Thread: Vacuum problem

Vacuum problem

From
S H
Date:
Hi, 

I have my database in which i am executing vacuuming running manually in one hour.

In  my production database sometime when vacuuming is running it is taking long time in opening connection.

My current version is version 8.1. Is there any known issue about open connection problem with vacuuming.

I found something but i am not sure if it is applicable to V8.1 too?
 
Vacuum of pg_catalog tables causes huge delay in opening new connections.


I think you're hitting the problem that was fixed here:

Author: Tom Lane <tgl(at)sss(dot)pgh(dot)pa(dot)us>
Branch: master Release: REL9_2_BR [532fe28da] 2012-05-26 19:09:52 -0400
Branch: REL9_1_STABLE Release: REL9_1_4 [6c1bf45ea] 2012-05-26 19:09:59 -0400
Branch: REL9_0_STABLE Release: REL9_0_8 [2ce097e6e] 2012-05-26 19:10:05 -0400
Branch: REL8_4_STABLE Release: REL8_4_12 [35cc2be6f] 2012-05-26 19:10:13 -0400
Branch: REL8_3_STABLE Release: REL8_3_19 [422022b12] 2012-05-26 19:10:19 -0400
   Prevent synchronized scanning when systable_beginscan chooses a heapscan.      The only interesting-for-performance case wherein we force heapscan here   is when we're rebuilding the relcache init file, and the only such case   that is likely to be examining a catalog big enough to be syncscanned is   RelationBuildTupleDesc.  But the early-exit optimization in that code gets   broken if we start the scan at a random place within the catalog, so that   allowing syncscan is actually a big deoptimization if pg_attribute is large   (at least for the normal case where the rows for core system catalogs have   never been changed since initdb).  Hence, prevent syncscan here.  Per my   testing pursuant to complaints from Jeff Frost and Greg Sabino Mullane,   though neither of them seem to have actually hit this specific problem.      Back-patch to 8.3, where syncscan was introduced.

Regards,
SH

Re: Vacuum problem

From
Scott Marlowe
Date:
On Mon, May 13, 2013 at 8:05 AM, S H <msq001@live.com> wrote:
> Hi,
>
> I have my database in which i am executing vacuuming running manually in one
> hour.

vacuum or vacuum full?

> In  my production database sometime when vacuuming is running it is taking
> long time in opening connection.

What is the db server doing when this happens?

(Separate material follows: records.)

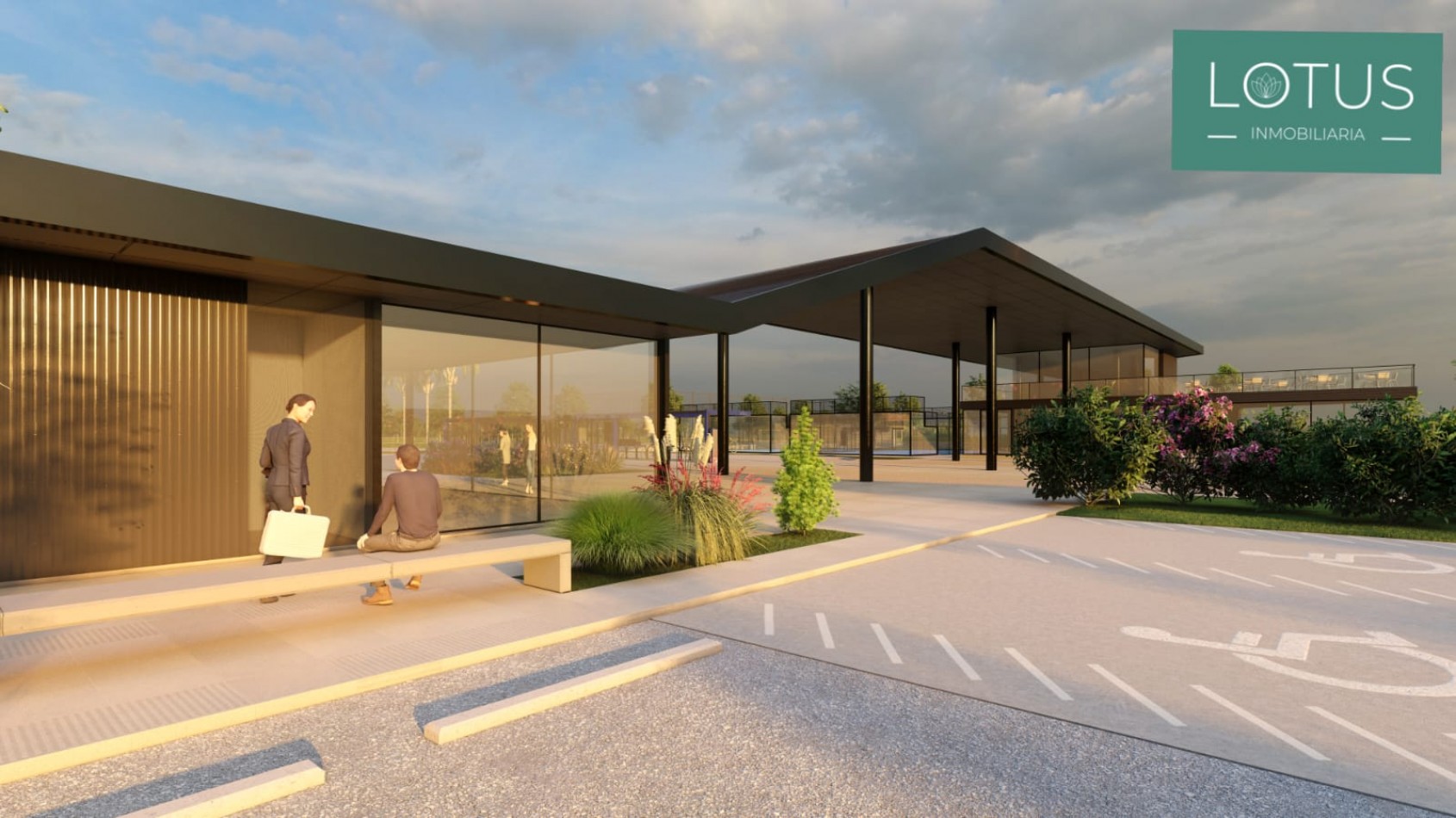 NEANDER - Barrio Abierto Residencial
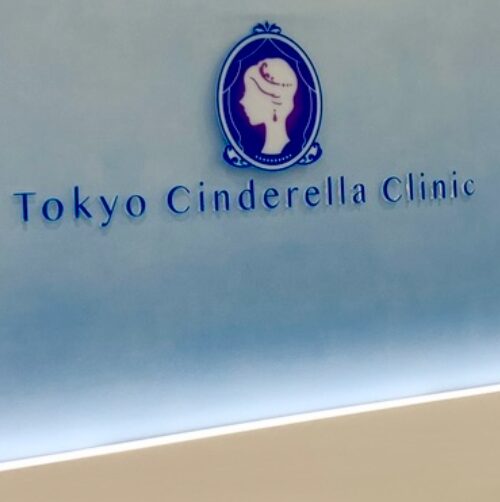 東京シンデレラ美容外科大宮院の受付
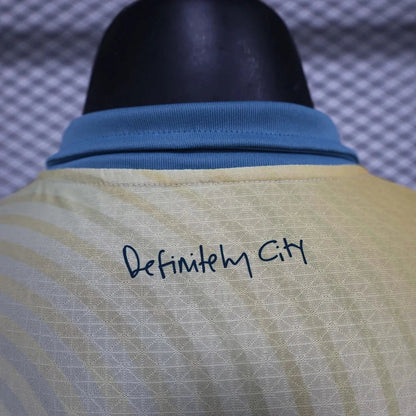 2024/2025 Player Version Manchester City Special Edition Football Shirt 1:1 Thai Quality - Player Version FTBL4ALL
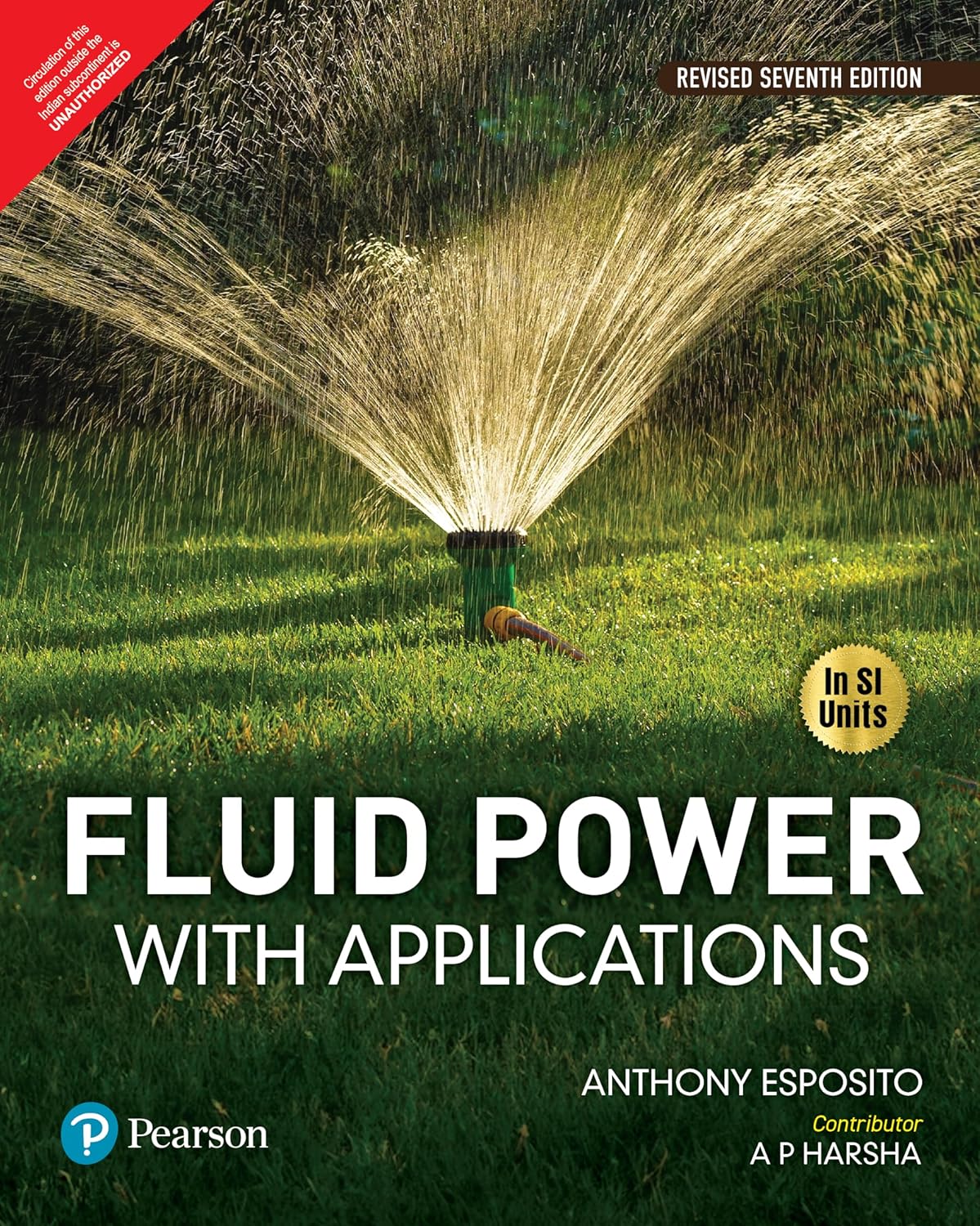 Fluid Power With Applications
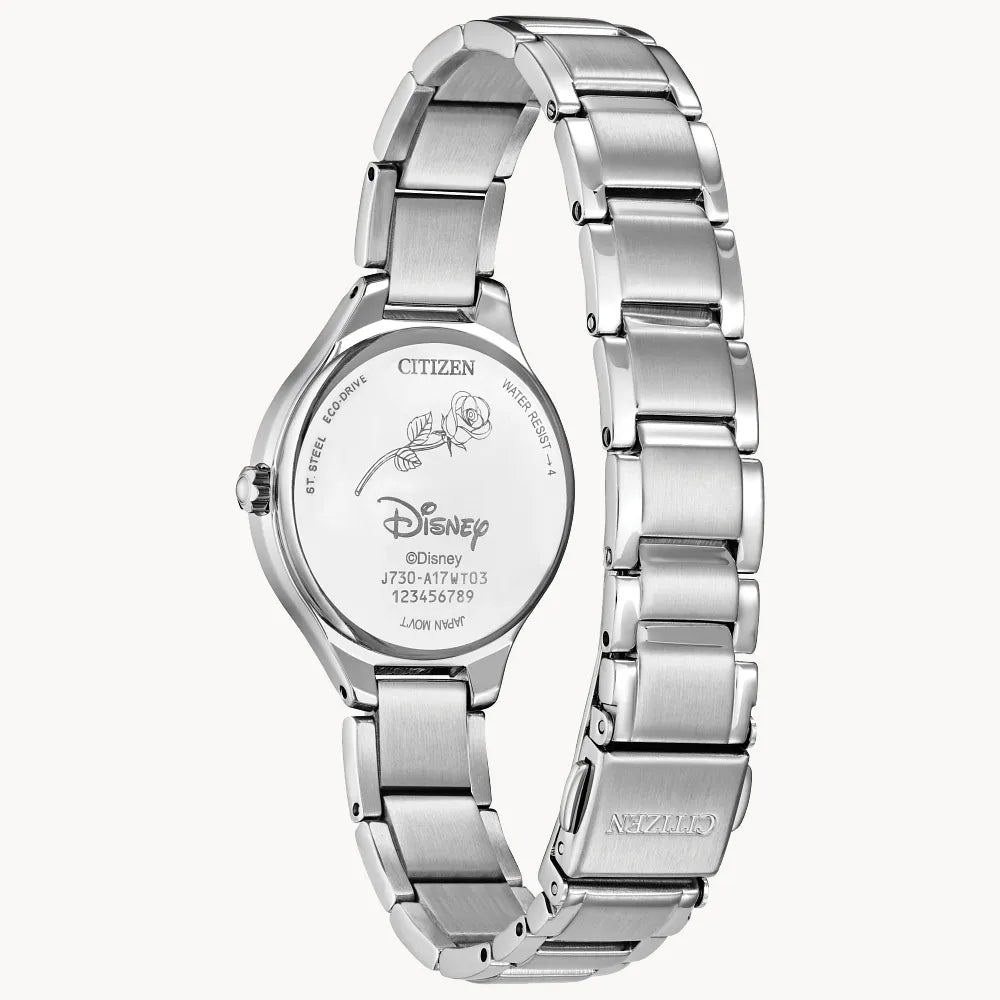 Citizen Mickey Mouse and Minnie Mouse Tango Disney FE2101-58W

What does top, vmstat,
iostat etc have to say about it?

> My current version is version 8.1. Is there any known issue about open
> connection problem with vacuuming.

8.1 is out of support and has been for some time.

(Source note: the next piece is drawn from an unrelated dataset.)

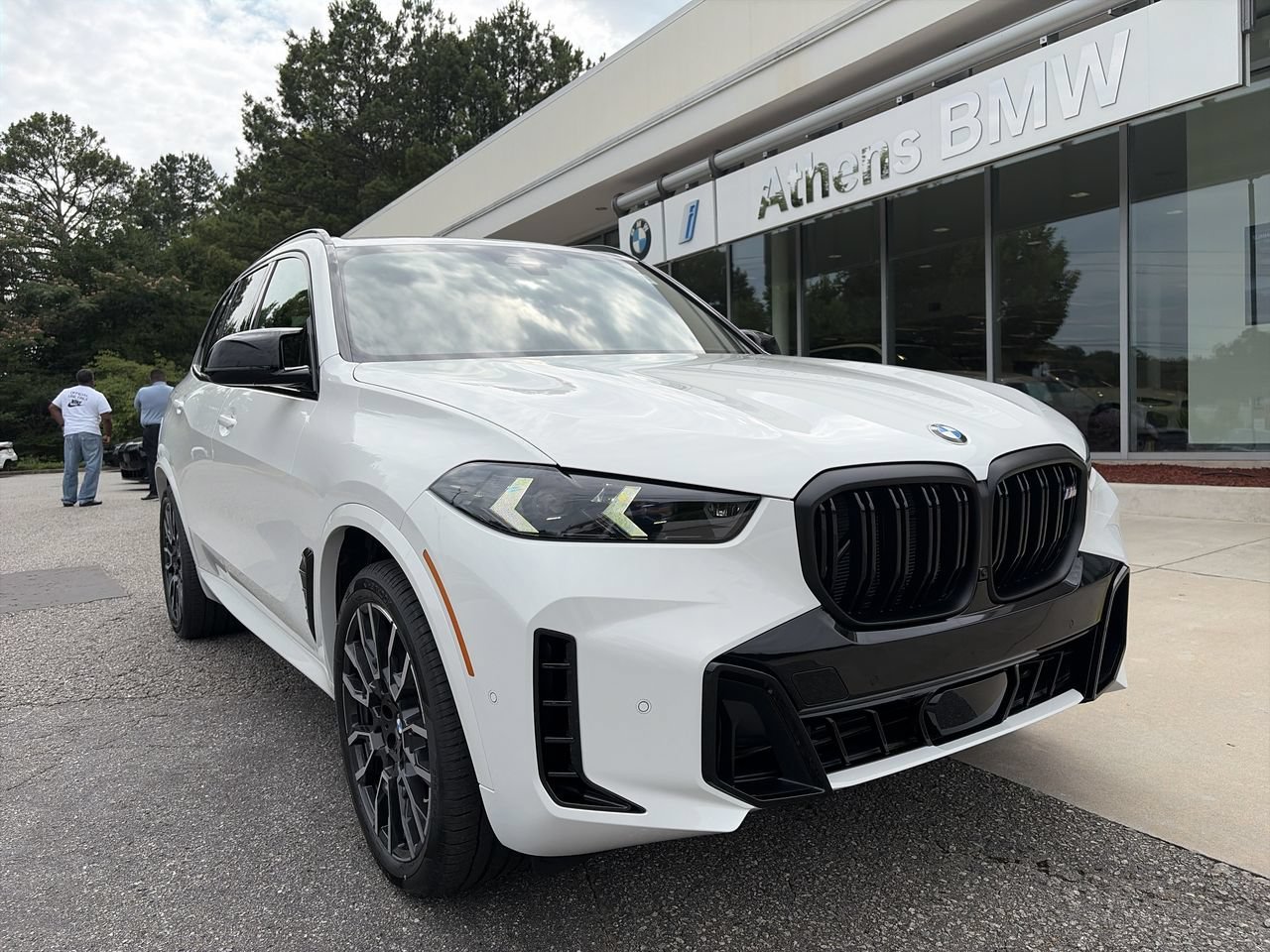 2026 BMW X5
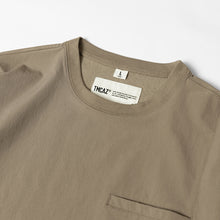 Load image into Gallery viewer, TMCAZ Stand Alone Complex Crewneck Sweater (Khaki) - TERMINAL MACAU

> I found something but i am not sure if it is applicable to V8.1 too?

Tom wrote:
>     broken if we start the scan at a random place within the catalog, so
> that
>     allowing syncscan is actually a big deoptimization if pg_attribute is
> large
SNIP
>     Back-patch to 8.3, where syncscan was introduced.

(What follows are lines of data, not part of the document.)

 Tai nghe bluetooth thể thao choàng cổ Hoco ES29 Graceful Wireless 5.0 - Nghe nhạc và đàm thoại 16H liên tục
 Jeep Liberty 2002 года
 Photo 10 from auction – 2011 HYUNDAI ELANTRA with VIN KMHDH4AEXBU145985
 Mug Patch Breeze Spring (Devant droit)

It was added in 8.3 so no, it is likely not your issue.

Running 8.1 means you're asking about a system no one else on this
list is likely to still be using much. The hackers aren't gonna be
interested in fixing it either, since it's out of support.


Re: Vacuum problem

From
S H
Date:

> vacuum or vacuum full?

vacuum analyze.

> What is the db server doing when this happens? What does top, vmstat,
> iostat etc have to say about it?

It is high end server with 96 GB of RAM , 16 core server, but there are many other application running, This db is used for monitoring the performance of this server and inserting/updating data every one in 10-20 tables.

I am able to reproduce this issue, in case i run vacuuming of my database and in parallel try to open 30 connections, sometime db client takes time to open connection .... Is there any workaround or there is some known issue already existing. If there is any known issue it will be easy to persuade my customers to upgrade..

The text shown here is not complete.